Putting them all in one table will leave me with a million empty fields to deal with IsNull's for, since the data is so different for each kind, yet a query won't let me combine them, since they have no direct relationship to one another.

Can I have a suggestion or three as to intelligent ways of doing this?
 
Last edited:
I misspoke - I can create a query using the names of each type of item, but they come in one row, when I want them all in one column and, when selected, the price of each should populate a text field.

I can get that to work, but, so far, only when using one table, since I haven't gotten all the items into one pick list, yet.
 
Thank you, Pat -

I'm afraid I'm not quite clear enough.
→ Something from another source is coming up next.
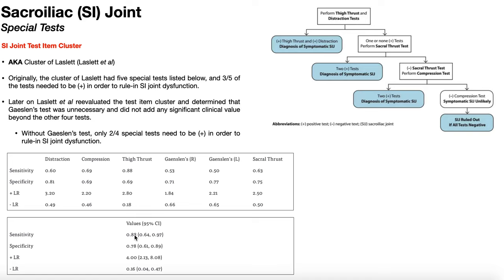You can never truly rule it out, but it makes it very unlikely. True SI joint dysfunctions are very rare — normally the pain generator is the hip joint, the lumbar spine, or some nerve that traverses the area. In the next few videos, we'll cover Gainsland's test and some other clusters that are less common but important to be aware of.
I'm bright, but very untrained.

In your example, am I creating two new tables, or is tblItem one of my existing tables?

Is tblItemType, therefor the parent table you mention?

If so, I then have my combo box looking at tblItemType and pulling info from the various tblItem's to populate my text field(s)?

Did I get that right? I have the feeling I didn't.

Or, did I create two new tables, relating my existing tables to tblItem and, through it, to tblItemType?

If that's what I'm doing, I can do so, but I don't understand why that does good things for me.

Thanks for further clarification.

Also, can you suggest good learning sources for planning databases, structurally, other than the classroom of experience?